*TASK PROMPT*
Would you reproduce exactly, and only, the lines starting at the one with "Ann Tan Suede Leather Cushion - thumbnail 5" and ending at the last line of the data, with both included? Leave the pictures out.

*DATASET EXTRACT*

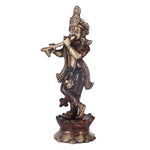7.2 Inch Brass Krishna Idol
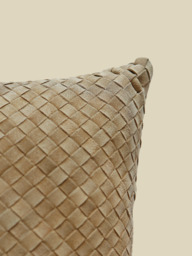 Ann Tan Suede Leather Cushion - thumbnail 5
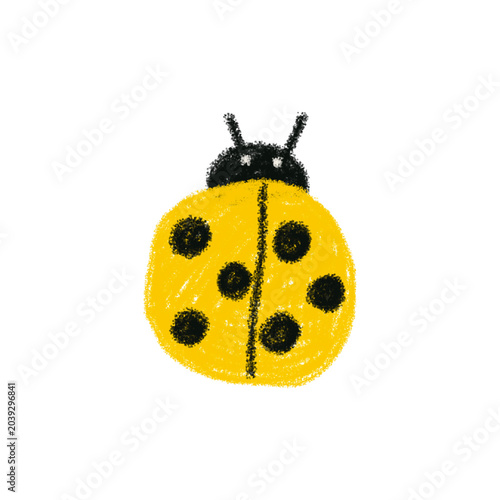 red lady bug Children drawing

*TASK RESPONSE*
 Ann Tan Suede Leather Cushion - thumbnail 5
 red lady bug Children drawing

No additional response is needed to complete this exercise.